Those languages which print 0.30000000000000004 are doing something which is silly as a default: they are printing 17 decimal digits, out of a type that only supports 15.
$ txr -p '(+ .1 .2)'
0.3
Why is that? Here, the underlying type is the C double type. The printed representation is obtained according to a default precision. That default is taken from the C constant DBL_DIG. For an IEE754 double, that constant is 15.
It is misleading to print more decimal digits out of a double than DBL_DIG; that is the constant which tells you how many decimal digits of precision double can reliably store. Thus I chose that constant as the default printing precision for floats: to give the programmer/user the maximum realistic precision. That is to say, print the decimal digits which are plausibly there, and not any fictional ones.

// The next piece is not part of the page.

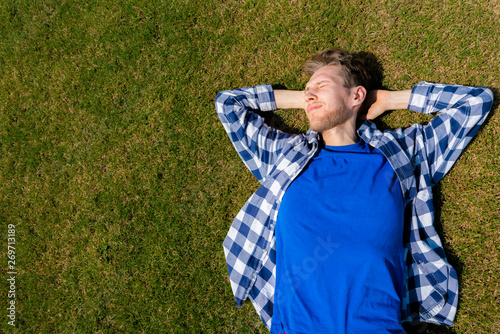 young man relax chill outdoor on the green grass lawn under the summer sunshines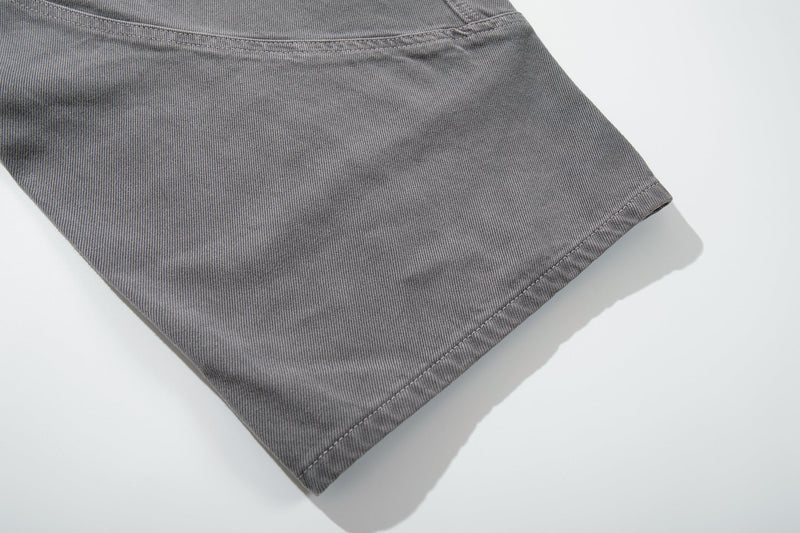 Close-up of gray jeans wide leg hem with straight stitched cuff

17 decimal digits requires a 57 bit mantissa -- ceil(log 10 / log 2) * 17). The 64 bit double type has only 52. So if you print 17, you're "making shit up".
This is a common but fundamentally wrong view of floating-point numbers. You are not "making shit up" by printing more that 15 digits of a floating-point number. Floats, doubles, etc. have precise values. As I said in another comment, the double represented by the literal `0.1` is precisely 0.1000000000000000055511151231257827021181583404541015625; similarly, `0.2` is precisely 0.200000000000000011102230246251565404236316680908203125 and `0.3` is precisely 0.299999999999999988897769753748434595763683319091796875. From these exact values, you can see why `0.1 + 0.2 != 0.3` – the left hand side is greater than 0.3 while the right hand side is smaller than 0.3. Printing only 15 digits is not doing programmers any favors: even though `0.1 + 0.2` will print as "0.3", that just makes the lie even worse – they will be even more confused when `0.1 + 0.2 != 0.3` even though both values print identically.

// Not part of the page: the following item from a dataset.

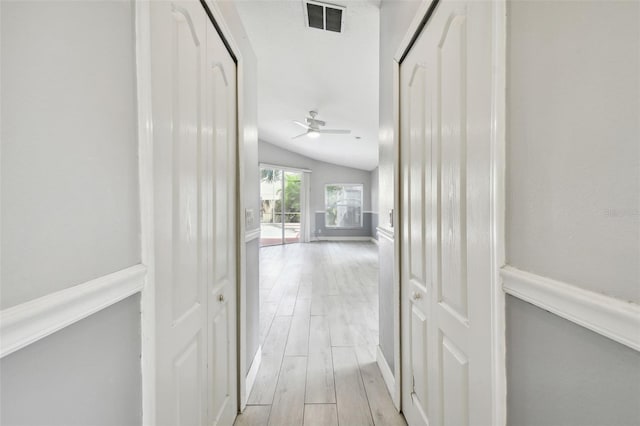 corridor featuring light hardwood / wood-style floors and lofted ceiling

Your claim is fallacious, because a floating-point value denotes a range of the real number line, whereas you're insisting that, no, it stands for its literal value: the absolutely precise rational number that lies at the center of that range.
That is no more true than my current body temperature being precisely 36 4/10 degrees Celsius because the thermometer reads 36.1.
All numbers in that range alias to the same double, yet differ wildly in their decimal digits beyond the fifteenth. That "long tail" of digits is a meaningless residue arising from the arbitrary difference between the chosen center-of-range point and the actual number it approximates.
> Printing only 15 digits is not doing programmers any favors
Note that the ISO C function printf uses 6 digits of precision under the %g conversion specifier by default. So a team of experts can find it justifiable to severly truncate precision on printing. I find that justifiable also, like this: printing is not only for constants, and trivial expressions like 0.1 + 0.2, but for the results of complex calculations, which accumulate significant rounding errors. Six digits of precision is prudent: for many complex calculations, it will avoid misleading the user with too much precision. Fifteen decimal digits will be wrong after just a few operations; there is hardly any "headroom" to absorb error.
> just makes the lie even worse
If merely neglecting to reveal some aspect of the stark truth is tantamount to lying, then you're also lying when you pull a number with 54 significant decimal figures out of a 64 bit double. Revealing some truth without an explanation can also be construed as "lying", as in "[N]one of woman born shall harm Macbeth".
I personally find it convenient that when I bang the token 0.3 into my REPL, it comes back with a tidy 0.3. I know that there are several values of double which will print as 0.3, and don't compare with exact equality except in special circumstances (like when deliberately using integral values not far from zero).
> Your claim is fallacious, because a floating-point value denotes a range of the real number line, whereas you're insisting that, no, it stands for its literal value: the absolutely precise rational number that lies at the center of that range
Floating point numbers are _not_ intervals. If you read carefully any formal definition of floating point numbers (The IEEE standards, TAoCP Chapter 4, or Higham's _Accuracy and Stability of Numerical Algorithms_, to name just three possible references), you will see that floating point numbers by definition form an exact rational subset of the extended real line.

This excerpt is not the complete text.